Honor could only think of one person who resented her badly enough to want to hurt her.
‘I don’t...surely Tania wouldn’t—?’
‘Tania?’ Adam shook his head. ‘I wouldn’t put it past her deliberately to cause a few letters to go astray if it suited her purposes, but go to all that trouble to generate a potentially violent awareness between us? I think not.’ Adam’s hand slid over both of hers, trapping their restless mangling of his handkerchief. ‘If she wanted to throw a spanner into our relationship, why would she make a meeting between us inevitable by encouraging you to believe that I was in love with you? I presume in your letters you referred to mine?’ She nodded, colour returning in a rush to her cheeks, and he studied her with glinting satisfaction. ‘That’s why I wasn’t allowed to receive any replies. It would have given the game away too soon. You nee
ded to be convinced first...’
‘But why?’ Honor still couldn’t conceive of a motive for a plan of such pointless complexity.
‘Perhaps for the best reason in the world. Love.’
‘Love?’ Honor’s exclamation made it sound as if she’d never even heard of the word.
He smiled crookedly at her confusion. ‘Perhaps someone who loved me was worried about me. Maybe they thought that I was urgently in need of a love-life—even if it was of the mail-order kind—to rescue me from emotional limbo.’
Honor sucked in a startled breath. ‘Your mother...?’
‘I think it’s the most likely possibility, don’t you think?’
She remembered the way that Joy had welcomed her into the house, declaring that she knew how special she was to Adam.
‘Have you asked her?’
‘Not outright, no.’ His smile took a downward trend as he admitted ruefully, ‘It’s a pretty tough assignment—accusing your own mother of theft and forgery when you don’t have a shred of proof. If I’m wrong she could be terribly hurt. And if I’m right...well, I was worried that it might mean Mum is getting as bad as Tania’s been suggesting.’ He stroked his thumb absently over her knuckles as he chuckled. ‘But then I realised the opposite was true; no one in a state of mental confusion could possibly have succeeded in carrying out such a complicated, machiavellian scheme.
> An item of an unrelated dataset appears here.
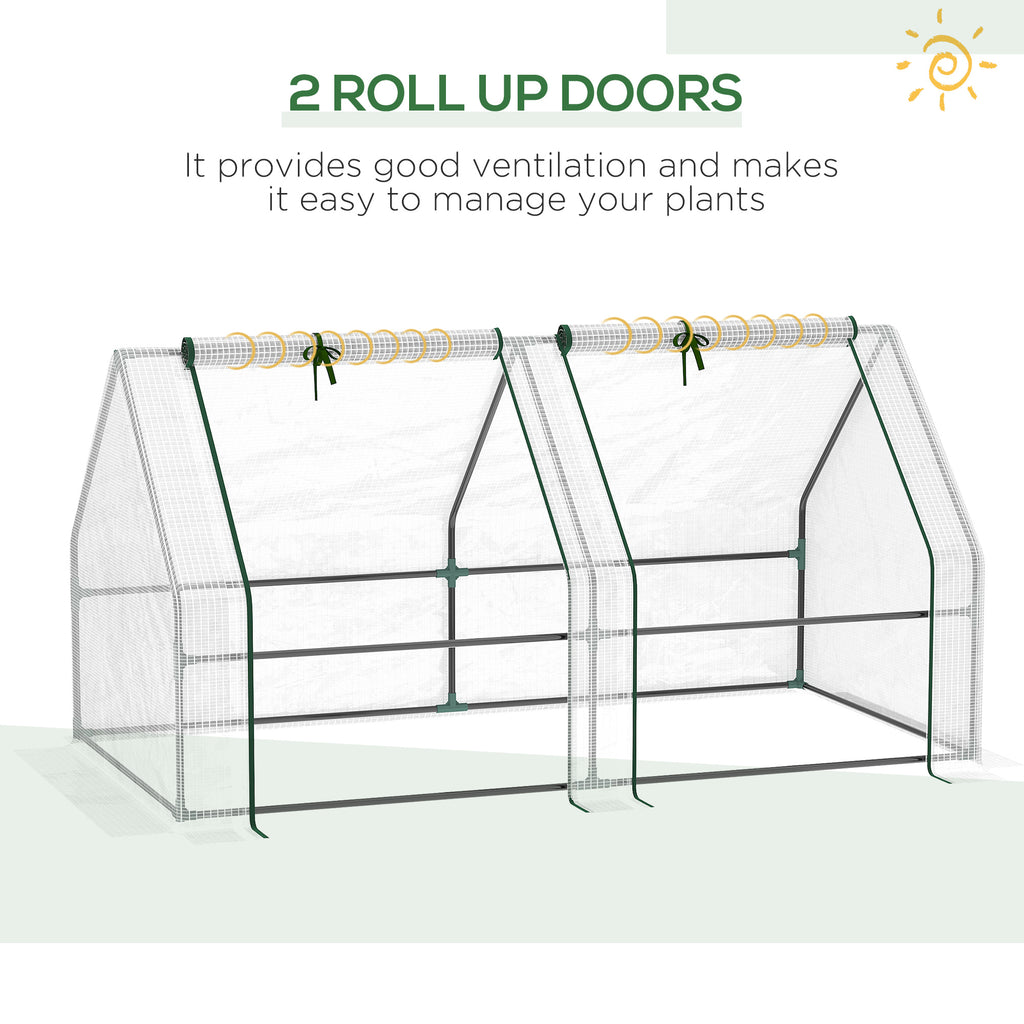 Portable Mini Greenhouse — 6 X 3 X 3 — product image 3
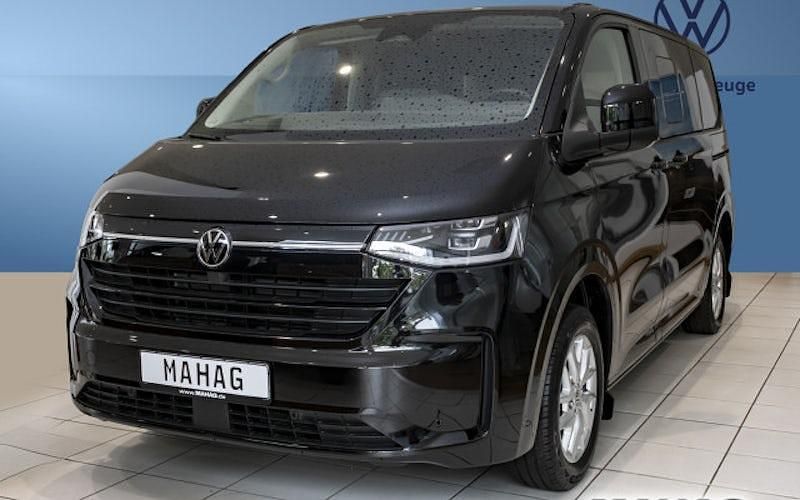 Neu VW Caravelle Style 160 kW (218 PS) 2025 Schwarz Van / Kleinbus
Hell, I doubt even I would have been able to pull it off half so well!’
‘I think you’re actually proud of her,’ Honor murmured wryly. It was fine for him, but she was in a far less enviable position. ‘I don’t care about where the rest of your letters are, but what has she done with mine?’
‘Ah, yes, the sober, sensible replies to my intoxicated ramblings.’ He slid his arm along the back of the couch, dislodging his damp jacket, his other hand covering both of hers as he leaned teasingly towards her. ‘What will you give me if I promise to get them back for you?’
‘I don’t have to give you anything,’ she said breathlessly as he loomed closer. ‘You’ve already promised to give them to me, with no strings attached.’